Judging by the applause that greeted “Queen of New York” following its sold-out premiere last week at NewFest, New York’s premiere LGBTQ+ film festival, Fidel’s intended message was warmly received. The film offers a poignant and meticulously researched look at drag performer Marti Gould Cummings, who in 2019 embarked on a historic campaign to become the first openly nonbinary New York City Council member.
Had Cummings — who uses they/them pronouns — gone on to represent Manhattan’s District 7 in 2021, they would have been the first drag queen elected to office on the East Coast and the second in the nation, following the 2019 election of Maebe A. Girl to the Silver Lake Neighborhood Council in Los Angeles.
“Local politics really make a difference in our day-to-day lives in a way that a lot of people don’t understand because we don’t necessarily have that kind of education in the U.S.,” said Fidel, who was introduced to Cummings via the film’s producer, Dan Ming. “I didn’t want the film to feel like a civics lesson, but I hope people who see it will want to get involved in politics in ways that are comfortable for them.”
Despite an encouraging influx of fundraising dollars and volunteer support, the challenges Cummings faces in seeking office are made apparent early in the film. Ultimately, they lost the election to fellow Democrat Shaun Abreu. Still, Fidel dispels the notion that the effort was “a publicity stunt or a gimmick,” noting Cummings has been an outspoken advocate for LGBTQ+ rights and progressive causes for years.

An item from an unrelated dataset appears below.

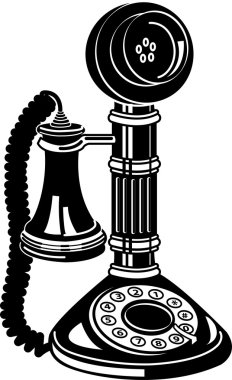 Retro şamdan telefon siyah beyaz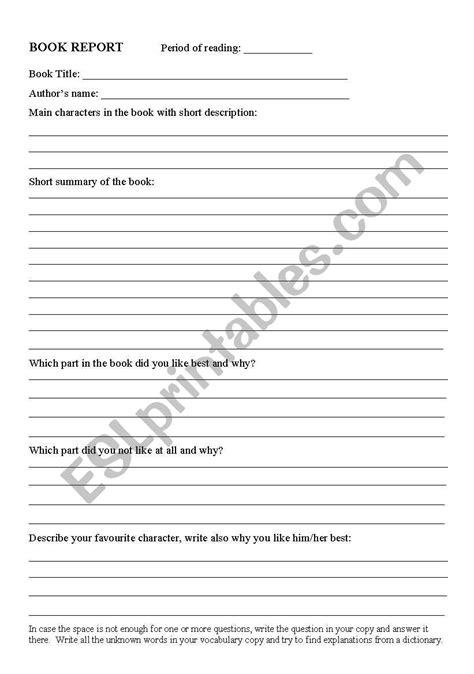 english worksheets book report form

“Marti’s always said that drag is political, and has always been political,” she said.
To give viewers a better grasp on Cummings’ charisma, “Queen of New York” offers glimpses of the Maryland native’s early years in New York, when they were struggling to get a toehold in Manhattan’s ever-changing nightlife scene, by way of personal testimony. There are also lively chats with several of Cummings’ drag artist cohorts as well as campaign manager Brian Derrick, who has become a social media star in his own right.

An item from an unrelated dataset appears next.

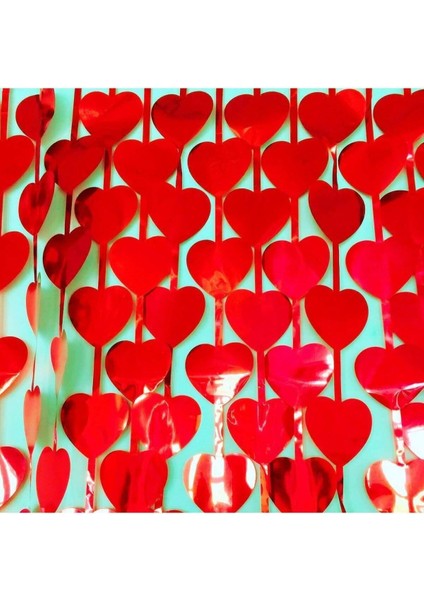 Işıltılı Kalpli Kırmızı Renkli Arka Fon Kendinden Yapışkanlı Folyo Kapı Perdesi Metalik Duvar Süsü fiyatları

Not surprisingly, Cummings cites former President Donald Trump’s rise to power as their impetus for becoming more vested in public service. The documentary reaches its emotional climax in a scene where Cummings is preparing to make their concession call to Abreu and playfully compares themself to Hillary Clinton on the day after the 2016 U.S. presidential election.

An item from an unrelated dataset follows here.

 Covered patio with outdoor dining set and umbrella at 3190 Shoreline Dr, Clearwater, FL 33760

“The theme of role models was one of my guiding principles in telling the story,” Fidel said. “Hillary is that person for Marti in that moment, but Marti is that person for so many other people, too.”
Watch the trailer for “Queen of New York” below.
“Queen of New York” feels especially relevant given the startling rise in anti-LGBTQ legislation, much of it focused on transgender and nonbinary individuals as well as drag performers, in many conservative U.S. states. Though Fidel is hopeful her film will be picked up for wide distribution on a streaming platform, she and Ming are currently planning on rolling it out “on a more grassroots level” to various state capitals and queer community spaces.
And she’s confident Cummings will soon find another avenue for their civic interests, even if a second campaign isn’t yet in their game plan. Last year, the drag queen was invited the White House to witness President Joe Biden’s signing of the Respect for Marriage Act, which safeguards the right to same-sex marriage nationwide.
“Marti can inspire people so quickly, whether it’s on a stage at a drag show or at a rally or protest. This is a person who really cares about what they’re doing,” she said. “[Lawmakers] will keep finding new ways to persecute queer people, but there’s power in seeing someone be their true self and speaking up for themself and for others, to try to make a difference, in the face of that.”
“Queen of New York” is available for online streaming through Tuesday, Oct. 24.